3. Enfin, l’Office – compte tenu de la formulation utilisée par le requérant dans ses observations – a envoyé une communication concernant une revendication au titre de l’article 7, paragraphe 3, du RMCUE. Aucune réponse n’ayant été reçue, l’Office considérera qu’aucune revendication de caractère distinctif acquis par l’usage conformément à l’article 7, paragraphe 3, du RMCUE n’a été formulée et statuera uniquement sur le caractère distinctif intrinsèque de la marque demandée.
III. Motifs
Conformément à l’article 94 du RMCUE, il appartient à l’Office de prendre une décision fondée sur des motifs ou des preuves sur lesquels le requérant a eu l’occasion de présenter ses observations.
Après avoir dûment pris en considération les arguments du requérant, l’Office a décidé de maintenir les motifs de refus.
Premièrement, il convient de rappeler qu’en vertu de l’article 7, paragraphe 1, sous c), du RMCUE, « sont refusées à l’enregistrement les marques qui sont exclusivement composées de signes ou d’indications pouvant servir, dans le commerce, à désigner l’espèce, la qualité, la quantité, la destination, la valeur, la provenance géographique ou l’époque de la production du produit ou de la prestation du service, ou d’autres caractéristiques de ceux-ci ».
En interdisant l’enregistrement comme marques de l’Union européenne des signes ou indications auxquels il se réfère, l’article 7, paragraphe 1, sous c), du RMCUE
poursuit un but d’intérêt général, à savoir que les signes ou indications descriptifs des caractéristiques des produits ou des services pour lesquels l’enregistrement est demandé puissent être librement utilisés par tous.
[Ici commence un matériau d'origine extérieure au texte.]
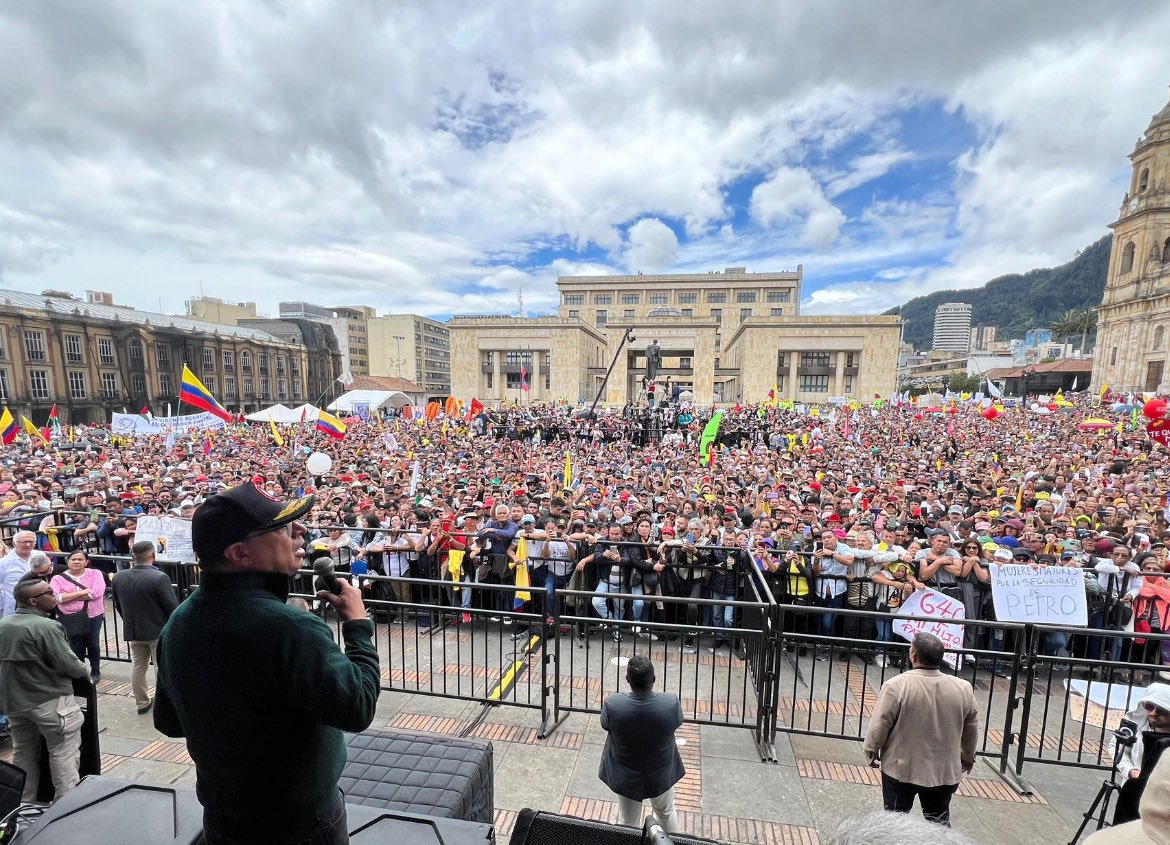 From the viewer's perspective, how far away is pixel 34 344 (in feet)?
152

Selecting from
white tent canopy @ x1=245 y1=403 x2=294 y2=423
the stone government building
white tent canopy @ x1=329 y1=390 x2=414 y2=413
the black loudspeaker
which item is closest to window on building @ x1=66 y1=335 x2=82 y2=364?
white tent canopy @ x1=329 y1=390 x2=414 y2=413

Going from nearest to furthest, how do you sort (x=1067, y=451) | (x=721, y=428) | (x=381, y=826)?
1. (x=381, y=826)
2. (x=1067, y=451)
3. (x=721, y=428)

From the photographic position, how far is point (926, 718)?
3.19 meters

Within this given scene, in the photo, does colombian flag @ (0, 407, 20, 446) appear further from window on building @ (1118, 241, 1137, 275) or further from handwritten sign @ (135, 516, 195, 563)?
window on building @ (1118, 241, 1137, 275)

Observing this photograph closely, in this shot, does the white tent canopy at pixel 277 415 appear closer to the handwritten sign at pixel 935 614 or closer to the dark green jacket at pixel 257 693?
the handwritten sign at pixel 935 614

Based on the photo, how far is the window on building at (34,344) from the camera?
45.6m

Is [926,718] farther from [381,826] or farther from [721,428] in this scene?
[721,428]

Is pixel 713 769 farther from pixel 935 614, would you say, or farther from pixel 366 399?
pixel 366 399

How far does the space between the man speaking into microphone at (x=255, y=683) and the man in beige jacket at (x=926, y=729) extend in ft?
10.4

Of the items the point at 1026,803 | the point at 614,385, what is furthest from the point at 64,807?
the point at 614,385

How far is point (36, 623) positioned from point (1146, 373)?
8074cm

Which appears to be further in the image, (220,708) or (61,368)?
(61,368)

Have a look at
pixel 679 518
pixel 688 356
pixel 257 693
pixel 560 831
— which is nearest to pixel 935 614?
pixel 679 518

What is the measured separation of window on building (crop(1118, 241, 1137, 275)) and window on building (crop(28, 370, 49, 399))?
4480 inches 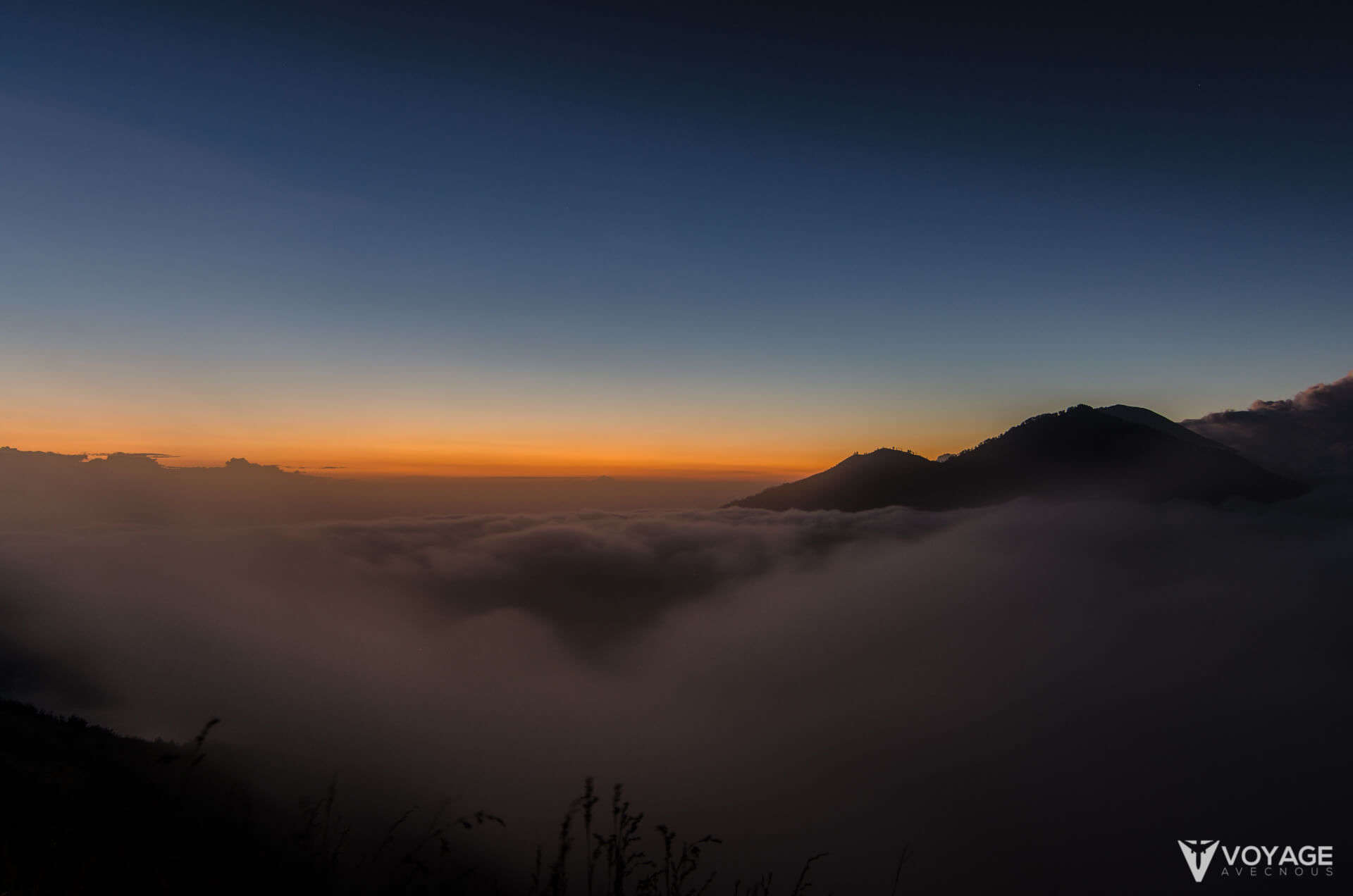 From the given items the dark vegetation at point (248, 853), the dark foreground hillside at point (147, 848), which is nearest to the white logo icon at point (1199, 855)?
the dark vegetation at point (248, 853)

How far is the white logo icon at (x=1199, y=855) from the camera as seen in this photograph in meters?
18.4

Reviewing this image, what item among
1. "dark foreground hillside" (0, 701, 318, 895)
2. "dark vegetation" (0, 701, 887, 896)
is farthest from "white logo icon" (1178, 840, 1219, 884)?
"dark foreground hillside" (0, 701, 318, 895)

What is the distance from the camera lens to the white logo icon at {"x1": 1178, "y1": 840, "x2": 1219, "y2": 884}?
18.4 metres

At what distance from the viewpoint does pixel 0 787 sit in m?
25.7

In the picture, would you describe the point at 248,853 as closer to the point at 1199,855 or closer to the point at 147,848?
the point at 147,848

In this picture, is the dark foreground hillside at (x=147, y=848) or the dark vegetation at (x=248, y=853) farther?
the dark foreground hillside at (x=147, y=848)

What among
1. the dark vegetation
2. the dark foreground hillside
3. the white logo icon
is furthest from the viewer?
the white logo icon

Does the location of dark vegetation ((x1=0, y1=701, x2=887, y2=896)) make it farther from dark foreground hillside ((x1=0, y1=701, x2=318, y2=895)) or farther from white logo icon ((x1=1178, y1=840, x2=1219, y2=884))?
white logo icon ((x1=1178, y1=840, x2=1219, y2=884))

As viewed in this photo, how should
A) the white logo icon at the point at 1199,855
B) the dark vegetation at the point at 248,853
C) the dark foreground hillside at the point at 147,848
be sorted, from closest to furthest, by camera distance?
the dark vegetation at the point at 248,853 < the dark foreground hillside at the point at 147,848 < the white logo icon at the point at 1199,855

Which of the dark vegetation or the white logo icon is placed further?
the white logo icon

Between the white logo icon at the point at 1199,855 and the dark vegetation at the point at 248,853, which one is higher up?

Cette disposition empêche ainsi que de tels signes ou indications soient réservés à une seule entreprise en raison de leur enregistrement en tant que marques.
(23/10/2003, C-191/01 P, Doublemint, EU:C:2003:579, point 31).
« Les signes et indications visés à l’article 7, paragraphe 1, sous c), [du RMCUE] sont ceux qui peuvent servir, dans l’usage normal, du point de vue du public visé, à désigner, soit directement, soit par référence à l’une de leurs caractéristiques essentielles, les produits ou le service pour lesquels l’enregistrement est demandé » (26/11/2003, T-222/02, Robotunits, EU:T:2003:315, point 34).
Pour qu’un signe tombe sous le coup de l’interdiction énoncée par cette disposition, il doit exister un rapport suffisamment direct et concret entre le signe et les produits et services en cause permettant au public concerné de percevoir immédiatement, et sans autre réflexion, une description des produits et services en cause ou de l’une de leurs caractéristiques (22/06/2005, T-19/04, Paperlab, EU:T:2005:247, point 25 ; 27/02/2002, T-106/00, Streamserve, EU:T:2002:43, point 40).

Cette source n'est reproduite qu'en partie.